See!! Add a bit of context & the challenge becomes much more focused.

There was a very spirited discussion—read: contentious—of this very “contexts of context” topic just this past Wednesday.

Ah, HA! This sounds very similar to the pursuit of the mythical TLO (top level ontology) that has been generating a tremendous amount of enthusiastic handwaving in certain circles.

The “one place” “one meaning” “one version of the truth” approach has proved unworkable for nigh on 50+ years just in software—millennia if we go back to Greek philosophers.

A good research site is John Sowa’s www.jfsowa.com

What does prove feasible—but thinly practiced—is to allow information to reside in different tools (‘databases/containers’ like Excel, OmniOutliner, The-Brain, GIT-Hub, etc.) & to automate the process of sharing selected pieces of information between the various silos.

As you have correctly pointed out, there’s simply too much information to collect in a single place & make sense of it.

A distinction needs to be made between the bottom level collection, storage & maintenance & the top level presentation of information.

Never lose sight of the fact that no matter how well organized & classified information is, just rotating the view a smidge—changing the context—will cause the perfect classification scheme to instantly break down.

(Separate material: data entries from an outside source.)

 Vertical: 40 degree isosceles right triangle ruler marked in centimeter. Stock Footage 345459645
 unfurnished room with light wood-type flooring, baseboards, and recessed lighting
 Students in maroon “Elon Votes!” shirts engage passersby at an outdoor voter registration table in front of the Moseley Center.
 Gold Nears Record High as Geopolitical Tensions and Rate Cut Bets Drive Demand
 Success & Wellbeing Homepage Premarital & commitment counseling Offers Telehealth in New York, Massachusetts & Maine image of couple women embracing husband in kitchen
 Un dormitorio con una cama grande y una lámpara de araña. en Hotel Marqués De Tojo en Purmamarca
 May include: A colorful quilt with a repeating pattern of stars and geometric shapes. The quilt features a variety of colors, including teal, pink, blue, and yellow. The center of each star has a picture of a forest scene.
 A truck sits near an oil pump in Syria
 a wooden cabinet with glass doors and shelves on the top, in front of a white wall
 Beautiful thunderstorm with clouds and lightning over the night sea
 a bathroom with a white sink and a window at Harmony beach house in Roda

In my world of large organization “data management,” business glossaries are currently popular. Yet one of the market leading products only allows one meaning per term. Never going to work.

As a proof of concept for how I try to tilt at this exceedingly large & slippery windmill, a while back I built a simple “glossary” (two columns: term & meaning)… ended up with 2,000 terms—largely acronyms, but I make no distinction between a single word, a multiple word phrase, or acronyms/abbreviations—and 68,000 meanings.

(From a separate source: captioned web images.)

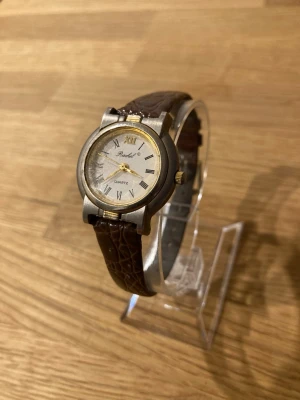 Vintage Rachel Quartz Armbandsur - Ett Rachel Quartz armbandsur med ett brunt läderarmband. Urtavlan är vit med romerska siffror och guldiga detaljer. Boetten är i rostfritt stål. Klockan har ett japanskt urverk. Fint skick enligt bilder, behöver bara nytt batteri.  Begagnat värde: < 500 SEK Mitt pris: 189 SEK  Skickas alltid snabbt och spårbart. Skriv vid frågor och se gärna mina andra annonser!   GRATIS: För återkommande kunder erbjuder jag personlig experthjälp för dig att göra nya fynd (nytt & begagnat). Fråga för mer info!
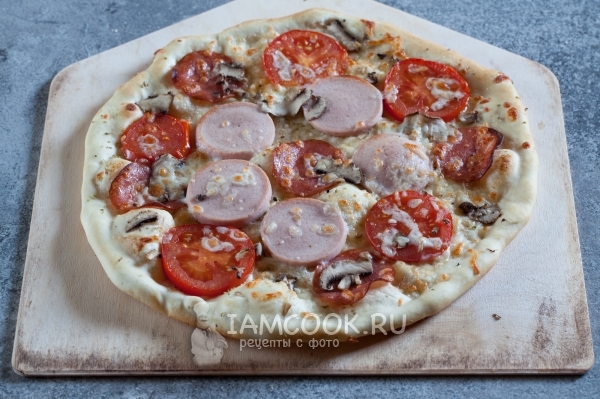 Готовая пицца с грибами, колбасой, помидорами и сыром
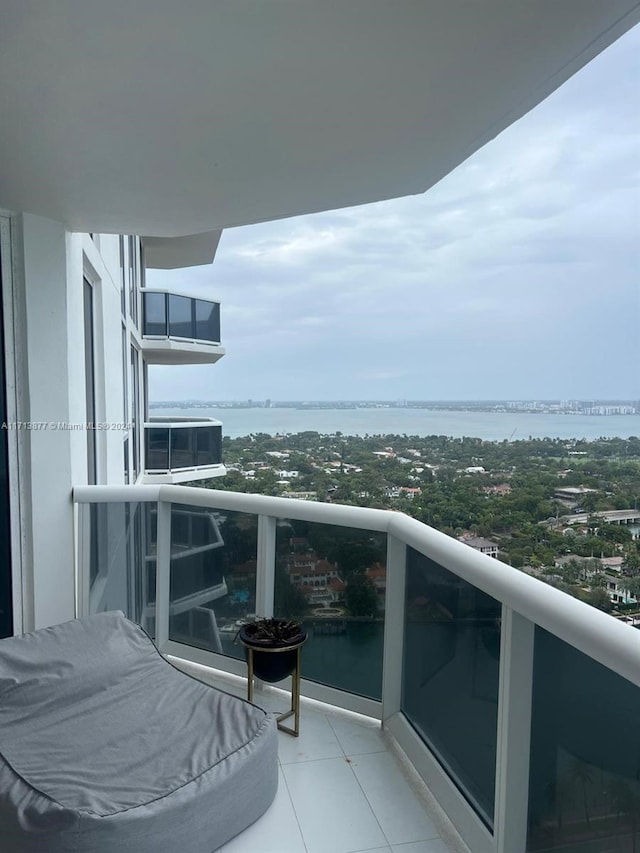 balcony featuring a water view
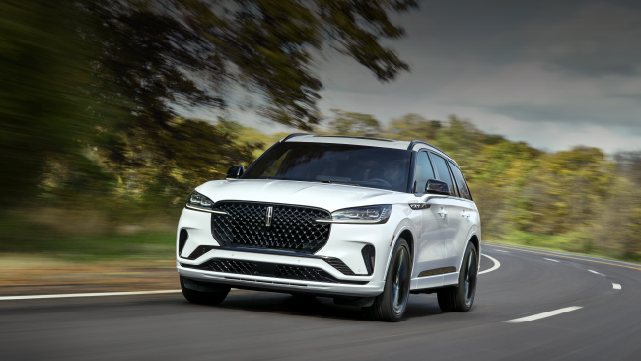 A white 2025 Lincoln Aviator® SUV is being driven down a road lined with trees. | Varsity Lincoln in Novi MI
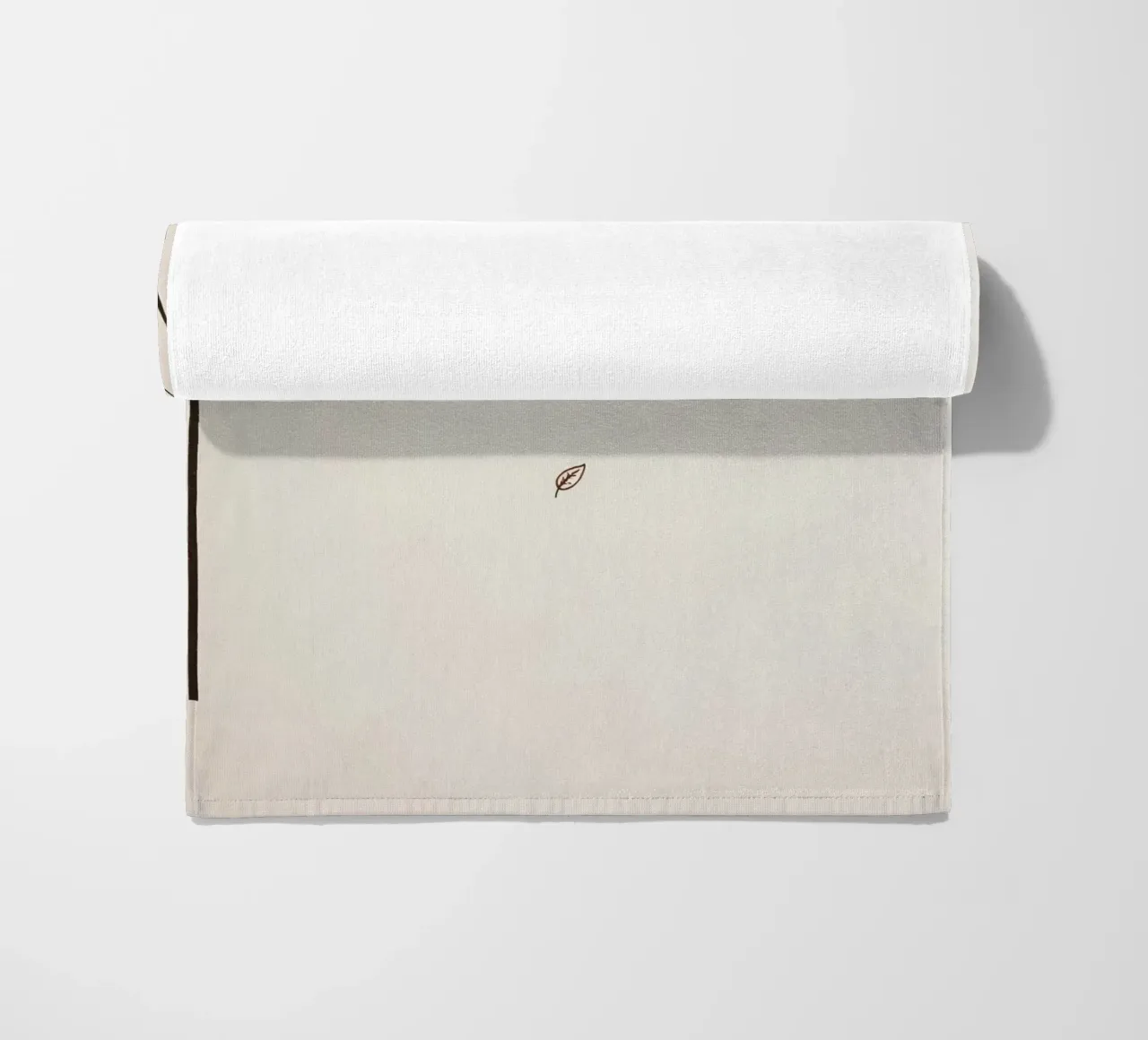 Stylized tree branch with a single leaf falling line art beach towel by DesignDoodle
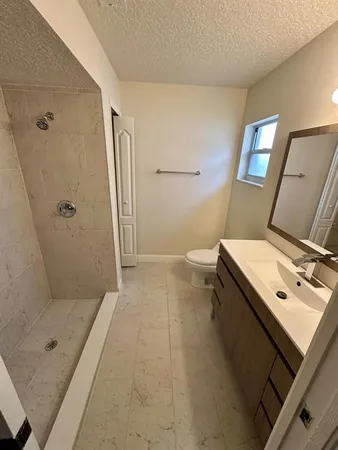 a bathroom with a tub shower vanity and a sink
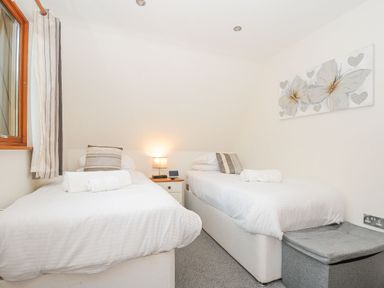 A bedroom with two single beds a lamp and a window at Lodge Nine in Finlake Holiday Park near Chudleigh
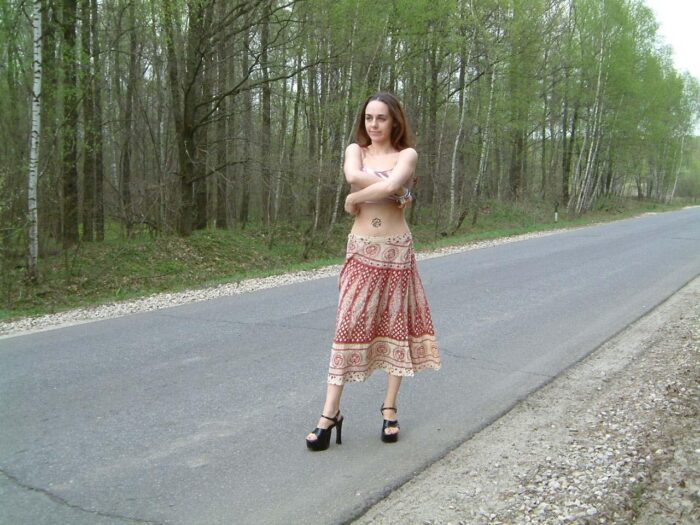 Russian girl Olla with a gorgeous body walks on the road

When I started “CC” had 298 meanings. Today it has 455 meanings.

Haven’t gotten to the “classification” facet quite yet. That’s still on the futures list.

Belatedly, I agree with all steps in the list above. They sound simple but are deceptively important.

James
Coming from you , its a great compliment ! Thanks

Also for our new user John Weiland above, I add, as proven by this exchange, that intimately woven with Tinderbox there is the fantastic club of users that goes with it. BTW, I bought a macintosh because of Tinderbox (although, I am still stuck in version six because I cant upgrade the bloody machine).

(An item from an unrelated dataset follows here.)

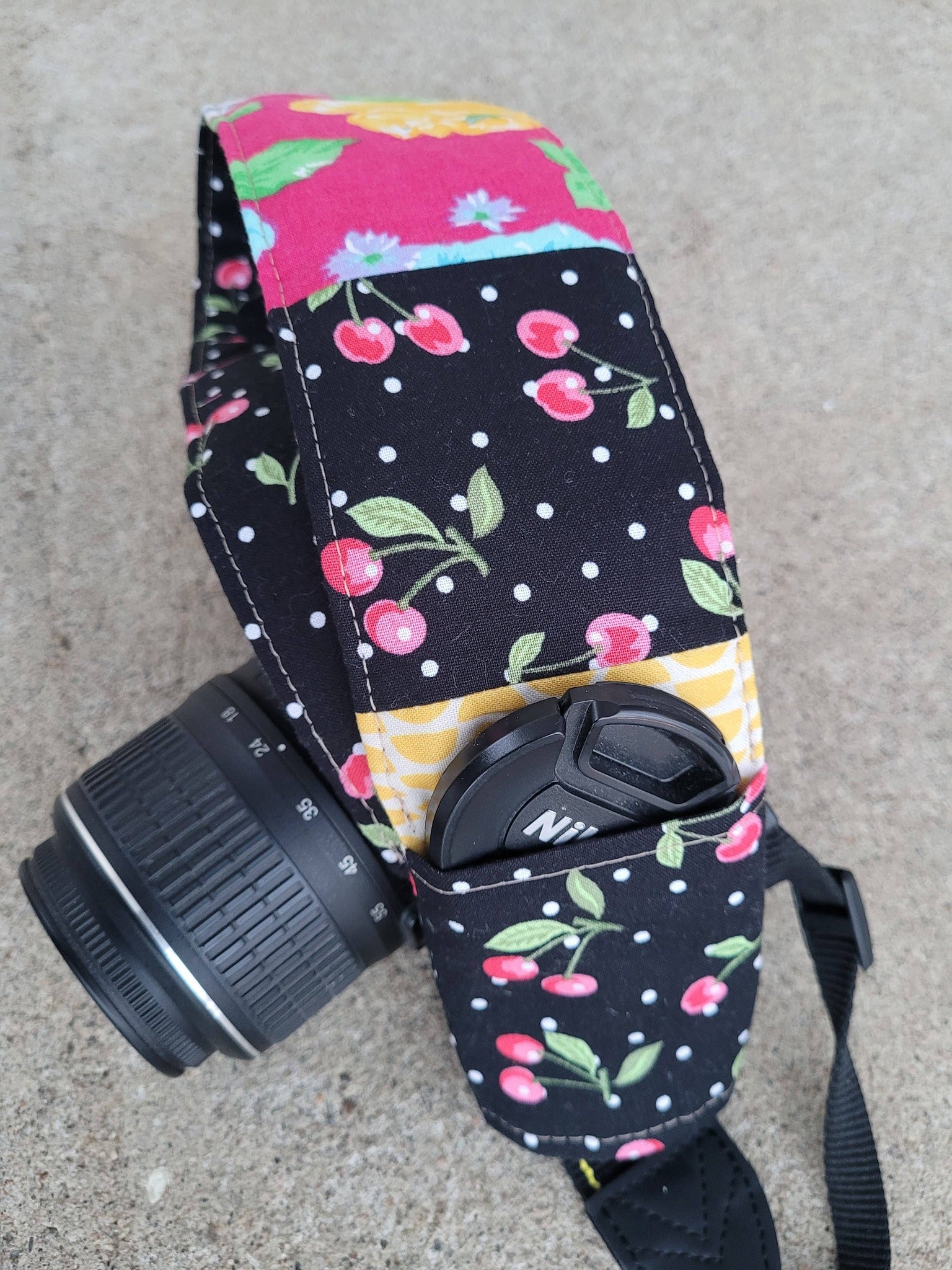 Camera strap cover with lens cap pocket.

I read through the reference guide at: A Tinderbox Reference File from beginning to end over the weekend just gone and fell in love with Tinderbox that way. Just waiting for the Black Friday deal and I’ll pull the trigger on a license. :slight_smile:

Reading a low-level reference guide is probably not the best route for everyone but I love reference guides (ever since I got my copy of “VIC Revealed” by Nick Hampshire back in the day - I’m weird that way!)